Taking it to a more basic level, I compared between a simple transformation
with RDDs and with Datasets. This is far simpler than Renato's use case and
this brungs up two good question:
1. Is the time it takes to "spin-up" a standalone instance of Spark(SQL) is
just an additional one-time overhead - which is reasonable, especially for
the first version of datasets..
2. Is Datasets, in some cases, slower than RDDs ? if so in which, and why ?
*Datasets code*: ~2000 msec
SQLContext sqc = createSQLContext(createContext());
sqc.createDataset(WORDS, Encoders.STRING())

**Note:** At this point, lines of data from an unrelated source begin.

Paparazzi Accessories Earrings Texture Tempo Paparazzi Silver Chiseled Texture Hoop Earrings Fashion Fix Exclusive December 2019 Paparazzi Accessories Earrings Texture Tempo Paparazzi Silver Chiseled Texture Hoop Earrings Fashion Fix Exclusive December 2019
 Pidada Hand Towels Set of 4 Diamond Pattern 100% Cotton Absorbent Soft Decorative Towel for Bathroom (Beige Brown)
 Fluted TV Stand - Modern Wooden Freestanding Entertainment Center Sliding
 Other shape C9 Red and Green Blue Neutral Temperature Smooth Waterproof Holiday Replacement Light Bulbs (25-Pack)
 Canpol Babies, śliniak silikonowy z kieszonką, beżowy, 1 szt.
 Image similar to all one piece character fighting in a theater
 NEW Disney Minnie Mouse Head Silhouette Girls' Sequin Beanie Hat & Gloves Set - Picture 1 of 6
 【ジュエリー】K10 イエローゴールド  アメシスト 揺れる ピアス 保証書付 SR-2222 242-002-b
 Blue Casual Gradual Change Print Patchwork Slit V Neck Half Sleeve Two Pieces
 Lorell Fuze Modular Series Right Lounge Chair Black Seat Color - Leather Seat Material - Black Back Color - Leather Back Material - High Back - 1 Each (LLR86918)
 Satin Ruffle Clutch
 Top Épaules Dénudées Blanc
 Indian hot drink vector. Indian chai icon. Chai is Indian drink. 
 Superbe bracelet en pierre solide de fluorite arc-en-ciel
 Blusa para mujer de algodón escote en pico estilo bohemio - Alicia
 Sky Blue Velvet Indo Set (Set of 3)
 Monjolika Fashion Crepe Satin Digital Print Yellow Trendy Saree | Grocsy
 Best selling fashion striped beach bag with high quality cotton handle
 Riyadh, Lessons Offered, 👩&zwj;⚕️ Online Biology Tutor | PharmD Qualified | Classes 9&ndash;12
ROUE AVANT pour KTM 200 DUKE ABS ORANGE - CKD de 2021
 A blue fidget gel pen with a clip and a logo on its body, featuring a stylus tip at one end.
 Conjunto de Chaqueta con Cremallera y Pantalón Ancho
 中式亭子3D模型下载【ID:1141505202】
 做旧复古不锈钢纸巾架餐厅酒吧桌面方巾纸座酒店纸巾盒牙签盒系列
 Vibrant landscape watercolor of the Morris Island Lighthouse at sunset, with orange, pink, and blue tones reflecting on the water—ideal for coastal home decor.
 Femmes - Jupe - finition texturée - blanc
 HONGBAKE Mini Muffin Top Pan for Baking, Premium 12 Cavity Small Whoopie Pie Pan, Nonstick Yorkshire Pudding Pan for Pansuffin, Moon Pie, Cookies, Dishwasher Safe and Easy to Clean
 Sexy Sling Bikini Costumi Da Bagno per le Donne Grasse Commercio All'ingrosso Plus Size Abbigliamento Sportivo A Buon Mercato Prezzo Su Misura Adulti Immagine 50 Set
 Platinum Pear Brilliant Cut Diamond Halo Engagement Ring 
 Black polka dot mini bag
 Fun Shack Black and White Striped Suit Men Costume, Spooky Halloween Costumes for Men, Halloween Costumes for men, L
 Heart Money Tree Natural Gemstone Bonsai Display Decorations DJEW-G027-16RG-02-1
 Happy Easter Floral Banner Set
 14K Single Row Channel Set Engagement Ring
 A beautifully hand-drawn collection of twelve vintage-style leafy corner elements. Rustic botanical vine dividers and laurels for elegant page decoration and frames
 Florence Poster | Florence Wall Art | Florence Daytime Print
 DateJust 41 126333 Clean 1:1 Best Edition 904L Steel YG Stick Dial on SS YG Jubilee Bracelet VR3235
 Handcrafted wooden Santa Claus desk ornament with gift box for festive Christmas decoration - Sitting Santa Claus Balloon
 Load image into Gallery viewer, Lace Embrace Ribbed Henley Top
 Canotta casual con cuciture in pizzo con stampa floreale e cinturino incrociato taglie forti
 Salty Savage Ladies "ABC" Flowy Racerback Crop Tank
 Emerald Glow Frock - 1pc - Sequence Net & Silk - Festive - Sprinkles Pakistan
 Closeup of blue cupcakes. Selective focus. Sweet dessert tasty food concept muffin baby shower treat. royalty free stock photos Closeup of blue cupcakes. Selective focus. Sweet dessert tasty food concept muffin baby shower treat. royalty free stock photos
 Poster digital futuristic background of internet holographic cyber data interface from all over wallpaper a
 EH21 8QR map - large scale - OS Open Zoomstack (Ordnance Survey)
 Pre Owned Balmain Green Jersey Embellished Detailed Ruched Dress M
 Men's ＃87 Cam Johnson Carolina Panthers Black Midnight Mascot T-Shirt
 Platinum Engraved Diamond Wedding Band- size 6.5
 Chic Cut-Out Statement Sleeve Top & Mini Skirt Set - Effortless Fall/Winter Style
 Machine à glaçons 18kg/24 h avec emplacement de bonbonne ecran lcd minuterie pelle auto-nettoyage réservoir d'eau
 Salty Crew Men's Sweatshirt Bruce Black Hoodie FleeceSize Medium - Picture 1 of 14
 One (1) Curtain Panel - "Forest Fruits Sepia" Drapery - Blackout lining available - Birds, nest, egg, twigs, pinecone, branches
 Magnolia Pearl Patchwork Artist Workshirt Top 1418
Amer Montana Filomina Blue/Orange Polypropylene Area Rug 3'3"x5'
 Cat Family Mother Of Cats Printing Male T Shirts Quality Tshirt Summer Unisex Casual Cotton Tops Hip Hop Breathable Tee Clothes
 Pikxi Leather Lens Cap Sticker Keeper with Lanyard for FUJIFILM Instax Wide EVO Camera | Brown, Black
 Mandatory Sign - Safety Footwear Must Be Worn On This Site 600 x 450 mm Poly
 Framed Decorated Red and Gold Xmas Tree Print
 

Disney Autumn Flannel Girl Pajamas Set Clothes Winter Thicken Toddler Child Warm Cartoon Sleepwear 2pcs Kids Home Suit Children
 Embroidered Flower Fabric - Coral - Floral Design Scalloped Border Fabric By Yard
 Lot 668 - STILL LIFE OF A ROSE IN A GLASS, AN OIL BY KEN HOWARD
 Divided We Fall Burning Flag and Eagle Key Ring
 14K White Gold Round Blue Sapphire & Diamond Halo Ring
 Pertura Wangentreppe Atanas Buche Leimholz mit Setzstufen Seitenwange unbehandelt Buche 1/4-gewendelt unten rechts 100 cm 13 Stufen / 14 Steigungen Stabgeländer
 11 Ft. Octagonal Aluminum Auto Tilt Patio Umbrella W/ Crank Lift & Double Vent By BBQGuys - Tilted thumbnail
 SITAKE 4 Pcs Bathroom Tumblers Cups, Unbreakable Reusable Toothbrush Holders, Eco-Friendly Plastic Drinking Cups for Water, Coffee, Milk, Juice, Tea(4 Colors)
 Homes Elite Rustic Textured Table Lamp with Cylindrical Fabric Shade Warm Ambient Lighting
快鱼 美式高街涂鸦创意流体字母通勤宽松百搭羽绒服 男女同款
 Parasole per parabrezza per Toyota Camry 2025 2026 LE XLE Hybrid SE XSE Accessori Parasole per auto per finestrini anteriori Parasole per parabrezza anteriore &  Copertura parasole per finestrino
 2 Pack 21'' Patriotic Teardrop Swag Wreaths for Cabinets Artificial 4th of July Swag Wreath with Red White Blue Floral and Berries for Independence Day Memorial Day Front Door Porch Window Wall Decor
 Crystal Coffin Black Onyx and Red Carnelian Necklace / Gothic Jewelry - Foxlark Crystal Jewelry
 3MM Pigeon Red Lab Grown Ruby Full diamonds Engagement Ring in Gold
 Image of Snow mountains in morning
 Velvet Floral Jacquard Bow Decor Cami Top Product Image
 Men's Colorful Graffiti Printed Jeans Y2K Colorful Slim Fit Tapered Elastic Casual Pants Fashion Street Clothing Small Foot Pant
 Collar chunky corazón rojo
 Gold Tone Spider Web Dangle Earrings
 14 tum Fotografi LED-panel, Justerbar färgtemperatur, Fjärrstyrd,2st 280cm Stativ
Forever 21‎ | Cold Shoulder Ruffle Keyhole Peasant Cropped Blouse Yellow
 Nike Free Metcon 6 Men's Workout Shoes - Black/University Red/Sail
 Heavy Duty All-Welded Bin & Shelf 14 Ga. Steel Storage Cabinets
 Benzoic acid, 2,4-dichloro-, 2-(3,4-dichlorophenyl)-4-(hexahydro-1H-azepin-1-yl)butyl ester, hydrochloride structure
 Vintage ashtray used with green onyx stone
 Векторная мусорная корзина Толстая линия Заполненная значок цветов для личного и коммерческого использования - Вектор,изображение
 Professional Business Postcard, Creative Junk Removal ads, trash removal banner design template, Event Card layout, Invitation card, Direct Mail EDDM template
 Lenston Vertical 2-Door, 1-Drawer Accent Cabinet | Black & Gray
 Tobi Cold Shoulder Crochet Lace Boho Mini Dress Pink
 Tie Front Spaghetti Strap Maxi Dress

.map(new MapFunction<String, String>() {
@Override
public String call(String value) throws Exception {
return value.toUpperCase();
}
}, Encoders.STRING())
.show();
*RDDs code*: < 500 msec
JavaSparkContext jsc = createContext();
List<String> res = jsc.parallelize(WORDS)
.map(new Function<String, String>() {
@Override
public String call(String v1) throws Exception {
return v1.toUpperCase();
}
})
.collect();
*Those are the context creation functions:*
* static SQLContext createSQLContext(JavaSparkContext jsc) {*
* return new SQLContext(jsc);*
* }*
* static JavaSparkContext createContext() {*
* return new JavaSparkContext(new
SparkConf().setMaster("local[*]").setAppName("WordCount")*
* .set("spark.ui.enabled", "false"));*
* }*
*And the input:*
*List<String> WORDS = Arrays.asList("hi there", "hi", "hi sue bob", "hi
sue", "bob hi");*
On Thu, May 12, 2016 at 12:04 PM Renato Marroquín Mogrovejo <
[email protected]> wrote:
> Hi Amit,
>
> This is very interesting indeed because I have got similar resutls. I
> tried doing a filtter + groupBy using DataSet with a function, and using
> the inner RDD of the DF(RDD[row]). I used the inner RDD of a DataFrame
> because apparently there is no straight-forward way to create an RDD of
> Parquet data without creating a sqlContext. if anybody has some code to
> share with me, please share (:
> I used 1GB of parquet data and when doing the operations with the RDD it
> was much faster. After looking at the execution plans, it is clear why
> DataSets do worse. For using them an extra map operation is done to map row
> objects into the defined case class. Then the DataSet uses the whole query
> optimization platform (Catalyst and move objects in and out of Tungsten).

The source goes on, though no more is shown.